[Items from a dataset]
*** Block opens ***

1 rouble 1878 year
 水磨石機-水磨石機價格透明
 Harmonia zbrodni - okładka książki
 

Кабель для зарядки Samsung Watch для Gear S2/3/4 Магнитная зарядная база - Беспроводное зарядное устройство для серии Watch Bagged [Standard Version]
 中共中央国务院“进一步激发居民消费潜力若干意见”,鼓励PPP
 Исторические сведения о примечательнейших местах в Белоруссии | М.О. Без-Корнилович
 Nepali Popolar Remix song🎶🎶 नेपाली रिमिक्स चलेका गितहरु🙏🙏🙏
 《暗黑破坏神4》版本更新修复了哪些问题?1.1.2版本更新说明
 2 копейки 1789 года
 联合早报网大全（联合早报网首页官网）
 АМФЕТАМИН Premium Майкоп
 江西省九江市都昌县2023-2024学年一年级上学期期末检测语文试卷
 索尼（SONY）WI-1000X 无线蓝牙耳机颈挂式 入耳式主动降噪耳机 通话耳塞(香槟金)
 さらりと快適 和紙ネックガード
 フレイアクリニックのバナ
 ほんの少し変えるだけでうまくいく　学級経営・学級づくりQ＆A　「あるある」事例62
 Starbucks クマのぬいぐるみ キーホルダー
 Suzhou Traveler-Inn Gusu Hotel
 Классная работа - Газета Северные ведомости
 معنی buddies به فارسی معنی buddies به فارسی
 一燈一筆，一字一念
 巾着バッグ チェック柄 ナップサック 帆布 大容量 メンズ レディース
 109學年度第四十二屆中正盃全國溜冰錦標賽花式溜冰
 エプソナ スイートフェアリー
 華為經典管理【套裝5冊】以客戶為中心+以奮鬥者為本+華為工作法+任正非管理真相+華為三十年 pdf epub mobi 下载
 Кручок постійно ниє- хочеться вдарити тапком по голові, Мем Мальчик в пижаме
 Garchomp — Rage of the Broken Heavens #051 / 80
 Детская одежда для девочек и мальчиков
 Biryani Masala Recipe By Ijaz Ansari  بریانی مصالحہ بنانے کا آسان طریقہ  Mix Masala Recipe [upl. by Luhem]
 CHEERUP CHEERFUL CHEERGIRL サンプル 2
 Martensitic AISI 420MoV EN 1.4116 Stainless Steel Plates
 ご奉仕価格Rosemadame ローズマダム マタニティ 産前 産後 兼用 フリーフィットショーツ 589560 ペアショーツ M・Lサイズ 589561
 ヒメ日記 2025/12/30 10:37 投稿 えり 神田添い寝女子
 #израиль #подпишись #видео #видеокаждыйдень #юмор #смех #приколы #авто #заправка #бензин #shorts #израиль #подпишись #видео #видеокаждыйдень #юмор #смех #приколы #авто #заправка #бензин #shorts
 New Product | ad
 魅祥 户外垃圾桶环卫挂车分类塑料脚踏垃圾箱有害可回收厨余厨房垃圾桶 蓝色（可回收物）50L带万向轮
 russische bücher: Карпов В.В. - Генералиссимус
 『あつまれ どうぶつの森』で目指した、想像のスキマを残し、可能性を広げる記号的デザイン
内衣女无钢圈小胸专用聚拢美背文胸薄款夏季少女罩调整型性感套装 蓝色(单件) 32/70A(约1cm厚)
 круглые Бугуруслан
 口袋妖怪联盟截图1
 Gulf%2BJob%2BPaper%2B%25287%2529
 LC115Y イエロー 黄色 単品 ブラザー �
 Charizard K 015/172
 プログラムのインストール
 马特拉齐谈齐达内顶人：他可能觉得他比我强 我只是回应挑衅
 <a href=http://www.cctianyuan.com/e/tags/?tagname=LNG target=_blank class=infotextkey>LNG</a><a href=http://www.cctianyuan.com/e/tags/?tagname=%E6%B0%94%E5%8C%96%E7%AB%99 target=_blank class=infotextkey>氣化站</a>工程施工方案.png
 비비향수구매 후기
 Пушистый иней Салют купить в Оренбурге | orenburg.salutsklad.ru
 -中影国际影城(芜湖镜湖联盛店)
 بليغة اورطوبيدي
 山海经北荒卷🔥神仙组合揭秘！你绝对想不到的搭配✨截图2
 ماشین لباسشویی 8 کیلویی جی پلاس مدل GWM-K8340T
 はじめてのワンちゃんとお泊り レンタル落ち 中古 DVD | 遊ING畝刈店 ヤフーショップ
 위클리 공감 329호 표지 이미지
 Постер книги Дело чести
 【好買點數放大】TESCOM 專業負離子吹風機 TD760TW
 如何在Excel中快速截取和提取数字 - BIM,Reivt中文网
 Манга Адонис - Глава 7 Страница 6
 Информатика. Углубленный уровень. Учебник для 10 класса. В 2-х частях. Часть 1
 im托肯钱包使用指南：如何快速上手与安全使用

*** Block closes ***

The expected result is every record above, duplicated exactly.

1 rouble 1878 year
 水磨石機-水磨石機價格透明
 Harmonia zbrodni - okładka książki
 

Кабель для зарядки Samsung Watch для Gear S2/3/4 Магнитная зарядная база - Беспроводное зарядное устройство для серии Watch Bagged [Standard Version]
 中共中央国务院“进一步激发居民消费潜力若干意见”,鼓励PPP
 Исторические сведения о примечательнейших местах в Белоруссии | М.О. Без-Корнилович
 Nepali Popolar Remix song🎶🎶 नेपाली रिमिक्स चलेका गितहरु🙏🙏🙏
 《暗黑破坏神4》版本更新修复了哪些问题?1.1.2版本更新说明
 2 копейки 1789 года
 联合早报网大全（联合早报网首页官网）
 АМФЕТАМИН Premium Майкоп
 江西省九江市都昌县2023-2024学年一年级上学期期末检测语文试卷
 索尼（SONY）WI-1000X 无线蓝牙耳机颈挂式 入耳式主动降噪耳机 通话耳塞(香槟金)
 さらりと快適 和紙ネックガード
 フレイアクリニックのバナ
 ほんの少し変えるだけでうまくいく　学級経営・学級づくりQ＆A　「あるある」事例62
 Starbucks クマのぬいぐるみ キーホルダー
 Suzhou Traveler-Inn Gusu Hotel
 Классная работа - Газета Северные ведомости
 معنی buddies به فارسی معنی buddies به فارسی
 一燈一筆，一字一念
 巾着バッグ チェック柄 ナップサック 帆布 大容量 メンズ レディース
 109學年度第四十二屆中正盃全國溜冰錦標賽花式溜冰
 エプソナ スイートフェアリー
 華為經典管理【套裝5冊】以客戶為中心+以奮鬥者為本+華為工作法+任正非管理真相+華為三十年 pdf epub mobi 下载
 Кручок постійно ниє- хочеться вдарити тапком по голові, Мем Мальчик в пижаме
 Garchomp — Rage of the Broken Heavens #051 / 80
 Детская одежда для девочек и мальчиков
 Biryani Masala Recipe By Ijaz Ansari  بریانی مصالحہ بنانے کا آسان طریقہ  Mix Masala Recipe [upl. by Luhem]
 CHEERUP CHEERFUL CHEERGIRL サンプル 2
 Martensitic AISI 420MoV EN 1.4116 Stainless Steel Plates
 ご奉仕価格Rosemadame ローズマダム マタニティ 産前 産後 兼用 フリーフィットショーツ 589560 ペアショーツ M・Lサイズ 589561
 ヒメ日記 2025/12/30 10:37 投稿 えり 神田添い寝女子
 #израиль #подпишись #видео #видеокаждыйдень #юмор #смех #приколы #авто #заправка #бензин #shorts #израиль #подпишись #видео #видеокаждыйдень #юмор #смех #приколы #авто #заправка #бензин #shorts
 New Product | ad
 魅祥 户外垃圾桶环卫挂车分类塑料脚踏垃圾箱有害可回收厨余厨房垃圾桶 蓝色（可回收物）50L带万向轮
 russische bücher: Карпов В.В. - Генералиссимус
 『あつまれ どうぶつの森』で目指した、想像のスキマを残し、可能性を広げる記号的デザイン
内衣女无钢圈小胸专用聚拢美背文胸薄款夏季少女罩调整型性感套装 蓝色(单件) 32/70A(约1cm厚)
 круглые Бугуруслан
 口袋妖怪联盟截图1
 Gulf%2BJob%2BPaper%2B%25287%2529
 LC115Y イエロー 黄色 単品 ブラザー �
 Charizard K 015/172
 プログラムのインストール
 马特拉齐谈齐达内顶人：他可能觉得他比我强 我只是回应挑衅
 <a href=http://www.cctianyuan.com/e/tags/?tagname=LNG target=_blank class=infotextkey>LNG</a><a href=http://www.cctianyuan.com/e/tags/?tagname=%E6%B0%94%E5%8C%96%E7%AB%99 target=_blank class=infotextkey>氣化站</a>工程施工方案.png
 비비향수구매 후기
 Пушистый иней Салют купить в Оренбурге | orenburg.salutsklad.ru
 -中影国际影城(芜湖镜湖联盛店)
 بليغة اورطوبيدي
 山海经北荒卷🔥神仙组合揭秘！你绝对想不到的搭配✨截图2
 ماشین لباسشویی 8 کیلویی جی پلاس مدل GWM-K8340T
 はじめてのワンちゃんとお泊り レンタル落ち 中古 DVD | 遊ING畝刈店 ヤフーショップ
 위클리 공감 329호 표지 이미지
 Постер книги Дело чести
 【好買點數放大】TESCOM 專業負離子吹風機 TD760TW
 如何在Excel中快速截取和提取数字 - BIM,Reivt中文网
 Манга Адонис - Глава 7 Страница 6
 Информатика. Углубленный уровень. Учебник для 10 класса. В 2-х частях. Часть 1
 im托肯钱包使用指南：如何快速上手与安全使用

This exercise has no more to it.